Que faire face au destin terrible qui les accable, les kidnappant au beau milieu d'une histoire d'amour fusionnel, tiens, la votre peut être, à quelques semaines d'un engagement de genre définitif par exemple ?

Il y a deux solutions à cet égarement soudain.
1) Vous attendez. Mais autant vous dire que vous risquez d'attendre longtemps. A peu près aussi longtemps que le genre précité plus haut, une attente définitive. C'est une excellente alternative si vous vous sentez l'âme d'une Pénélope, et si, en plus, vous affectionnez plus que tout le tricot, on peut considérer que c'est votre seule option envisageable.
2) Vous finissez son déménagement. En avant, c'est le ménage de printemps, y compris en hiver. Soyez méthodique. Une pièce à la fois, avec un gros 110 L, noir ou opaque, inutile d'affoler les voisins, ils pourraient s'imaginer que vous êtes à l'origine de la disparation du corps, et du reste. Tout ce qui lui appartenait, qu'il avait acheté avec vous, ou même qu'il vous avait offert, direct dans le sac aux oubliettes. Ne remplissez votre sac qu'à 75 %, c'est qu'il va falloir le fermer, le descendre dans la rue. Evitez qu'il ne s'ouvre dans les escaliers, sur trottoir ou tout autre lieu commun. Pas besoin d'étaler sa forfaiture devant la boulangerie où vous prenez votre pain chaque jour.

Se barrer soudain, n'est pas une attitude typiquement masculine, contrairement à ce que l'on pourrait croire.
Les femmes aussi prennent la poudre d'escampette, avec les mêmes raisons banales, avec le même courage d'affronter les conflits, parce que la sincérité, l'honnêteté en un mot comme en cent, ce n'est pas du tout une obligation dans une rupture.
Chacun y met ce qu'il veut bien, ou ce qu'il peut tout court.

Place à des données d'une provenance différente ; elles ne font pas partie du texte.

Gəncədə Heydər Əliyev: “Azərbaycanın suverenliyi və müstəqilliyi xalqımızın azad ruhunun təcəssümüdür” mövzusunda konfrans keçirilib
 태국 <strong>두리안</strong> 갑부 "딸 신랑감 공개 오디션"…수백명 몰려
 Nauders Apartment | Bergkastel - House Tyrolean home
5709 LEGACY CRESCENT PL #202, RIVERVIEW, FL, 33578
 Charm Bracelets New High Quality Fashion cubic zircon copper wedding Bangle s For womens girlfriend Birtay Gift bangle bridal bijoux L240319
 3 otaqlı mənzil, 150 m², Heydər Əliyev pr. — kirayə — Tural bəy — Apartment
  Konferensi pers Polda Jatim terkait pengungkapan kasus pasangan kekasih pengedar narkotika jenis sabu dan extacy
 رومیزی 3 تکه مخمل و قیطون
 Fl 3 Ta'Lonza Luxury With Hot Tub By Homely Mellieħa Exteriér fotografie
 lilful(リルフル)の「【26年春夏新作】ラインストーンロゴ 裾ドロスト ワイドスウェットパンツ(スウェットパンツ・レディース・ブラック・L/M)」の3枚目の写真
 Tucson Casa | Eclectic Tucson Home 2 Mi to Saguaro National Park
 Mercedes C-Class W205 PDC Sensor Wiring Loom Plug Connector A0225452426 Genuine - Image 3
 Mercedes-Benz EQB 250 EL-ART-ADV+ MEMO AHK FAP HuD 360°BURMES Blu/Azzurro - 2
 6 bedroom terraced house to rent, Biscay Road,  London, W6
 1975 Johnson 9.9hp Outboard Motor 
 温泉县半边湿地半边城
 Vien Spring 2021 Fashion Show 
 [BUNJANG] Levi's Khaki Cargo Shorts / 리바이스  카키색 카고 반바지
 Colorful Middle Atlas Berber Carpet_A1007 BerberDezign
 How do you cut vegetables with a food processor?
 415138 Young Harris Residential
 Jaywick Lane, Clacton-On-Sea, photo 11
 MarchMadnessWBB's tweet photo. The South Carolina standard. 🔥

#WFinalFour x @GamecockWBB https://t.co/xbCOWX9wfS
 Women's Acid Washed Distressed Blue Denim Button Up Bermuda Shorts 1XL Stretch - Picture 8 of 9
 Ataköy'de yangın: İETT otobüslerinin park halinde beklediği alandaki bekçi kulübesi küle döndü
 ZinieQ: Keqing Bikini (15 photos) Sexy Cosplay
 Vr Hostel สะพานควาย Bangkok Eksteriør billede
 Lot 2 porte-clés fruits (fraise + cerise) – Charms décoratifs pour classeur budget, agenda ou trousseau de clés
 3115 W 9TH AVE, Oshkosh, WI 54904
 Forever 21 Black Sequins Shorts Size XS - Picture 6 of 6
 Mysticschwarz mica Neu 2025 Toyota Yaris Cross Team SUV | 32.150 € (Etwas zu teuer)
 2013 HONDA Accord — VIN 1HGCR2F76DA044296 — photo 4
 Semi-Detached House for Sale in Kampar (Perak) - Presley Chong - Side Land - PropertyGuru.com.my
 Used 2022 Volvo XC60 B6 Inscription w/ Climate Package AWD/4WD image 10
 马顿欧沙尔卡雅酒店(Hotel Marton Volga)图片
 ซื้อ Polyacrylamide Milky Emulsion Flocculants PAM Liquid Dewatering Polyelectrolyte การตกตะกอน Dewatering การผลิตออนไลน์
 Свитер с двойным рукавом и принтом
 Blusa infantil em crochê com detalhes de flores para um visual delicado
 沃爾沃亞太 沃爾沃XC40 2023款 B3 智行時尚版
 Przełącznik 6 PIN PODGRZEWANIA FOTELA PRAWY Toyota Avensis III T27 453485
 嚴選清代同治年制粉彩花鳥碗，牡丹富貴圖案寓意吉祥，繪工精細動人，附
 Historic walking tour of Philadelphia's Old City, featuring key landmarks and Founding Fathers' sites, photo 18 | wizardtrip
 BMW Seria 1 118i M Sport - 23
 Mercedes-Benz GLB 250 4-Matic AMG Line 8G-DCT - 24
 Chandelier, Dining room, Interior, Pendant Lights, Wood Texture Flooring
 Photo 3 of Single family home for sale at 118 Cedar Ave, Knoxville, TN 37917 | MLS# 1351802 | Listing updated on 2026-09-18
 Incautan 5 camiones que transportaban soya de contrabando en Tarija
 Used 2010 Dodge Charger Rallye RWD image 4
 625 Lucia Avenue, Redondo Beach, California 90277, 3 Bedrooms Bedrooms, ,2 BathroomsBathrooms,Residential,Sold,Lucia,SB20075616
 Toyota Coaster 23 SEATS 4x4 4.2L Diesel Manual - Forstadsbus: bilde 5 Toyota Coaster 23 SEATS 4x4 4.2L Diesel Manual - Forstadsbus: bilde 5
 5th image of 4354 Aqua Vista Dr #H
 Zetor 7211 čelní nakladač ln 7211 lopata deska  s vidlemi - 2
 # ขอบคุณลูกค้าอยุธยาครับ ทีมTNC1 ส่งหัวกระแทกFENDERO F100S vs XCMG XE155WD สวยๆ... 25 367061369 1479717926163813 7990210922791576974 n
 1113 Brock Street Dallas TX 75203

Il y a, dans cette fuite, une espèce de come back vers l'enfance, comme lorsque nous commettions une bêtise, un acte suffisamment grave pour nous pousser au mensonge, au déni, à la cachette secrète qui nous définit aussi surement qu'une empreinte digitale.

On trouve également chez les fuyards, cette angoisse terrible, celle de provoquer la peine chez l'autre. On n'est pas loin d'une vraie bienveillance, un quelque chose qu'on ne peut pas dire, que les mots pèsent trop lourds, sonnent trop haut.
On peut aussi partir, et pourtant, aimer quand même.

Il arrive qu'on laisse partir.
On se positionne alors comme le détenteur du sacrifice, celui de se laisser abandonner. C'est étrange, cette possibilité là. On peut regarder cette personne s'éloigner, se retourner un peu, elle vérifie qu'on ne va pas se jeter sous une bagnole, ou sous une trottinette électrique, puis continue à avancer, et nous, on sait déjà qu'elle ne reviendra pas. On se dit parfois, tiens, si elle se retourne, c'est qu'elle regrette déjà. Mais non, au bout de cinquante mètres, elle ne regarde déjà plus en arrière, toute occupée à sa fuite. Ses enjambées se font plus longues, agrandir la distance en accéléré. Puis, ce n'est plus qu'une petite silhouette qui joue à cache-cache avec les arbres, les voitures, les gens. Elle ne joue plus avec vous. Elle n'est plus là et c'est fini. Un point c'est tout.
Vous n'allez pas chercher à retenir un train qui a déjà dépassé la gare. Et là, c'est exactement pareil.
Vous allez attendre, parfois, comme avant.
Puis vous le ferez moins.
Votre mémoire se fera sélective.
Et tout ceci sera loin, d'un coup.

Il arrivera un jour, qu'on vous laisse partir, vous.
Et vous vous souviendrez à quel point c'est douloureux, d'être de l'autre côté du miroir, et malgré ça, vous vous retournez, vous aussi, en vérifiant que personne ne se jette sous un rien, juste pour vous rendre coupable de quelque chose d'encore plus grave.
Mais là aussi, rien du tout.
Parce que, partir, c'est aussi revenir.
Pas forcément au même endroit.
Quelquefois, juste à l'essentiel.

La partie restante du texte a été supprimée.